2. The method of claim 1 , wherein the coal particles comprise a high alkali coal, wherein the additive composition is fed to a combustor, wherein the coal particles and the additive composition are mixed together, wherein the thermal stability agent forms, when the additive composition is combusted, one or more of a thermally protective barrier and heat sink around the nitrogenous material to reduce thermal degradation of the nitrogenous material, and wherein the binder is one or more of a wax, a wax derivative, a gum, a gum derivative, and an alkaline binding agent.

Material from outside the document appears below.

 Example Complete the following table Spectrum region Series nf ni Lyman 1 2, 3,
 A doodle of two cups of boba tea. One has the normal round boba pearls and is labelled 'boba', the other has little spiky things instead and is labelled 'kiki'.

3. The method of claim 1 , wherein the coal particles comprise a high iron coal, wherein the additive composition is fed to a combustor, wherein the coal particles and additive composition are mixed together, wherein the thermal stability agent forms, when the additive composition is combusted, one or more of a thermally protective barrier and heat sink around the nitrogenous material to reduce thermal degradation of the nitrogenous material, wherein the binder is one or more of a wax, a wax derivative, a gum, a gum derivative, and an alkaline binding agent, and wherein the nitrogenous material is one or more of an amine, an amide, cyanuric acid, and urea.
4. The method of claim 1 , wherein the coal particles comprise a high sulfur coal, wherein the additive composition is fed to a combustor, wherein the coal particles and additive composition are mixed together, wherein the thermal stability agent forms, when the additive composition is combusted, one or more of a thermally protective barrier and heat sink around the nitrogenous material to reduce thermal degradation of the nitrogenous material, wherein the binder is one or more of a wax, a wax derivative, a gum, a gum derivative, and an alkaline binding agent, and wherein the nitrogenous material is one or more of an amine, an amide, cyanuric acid, and urea.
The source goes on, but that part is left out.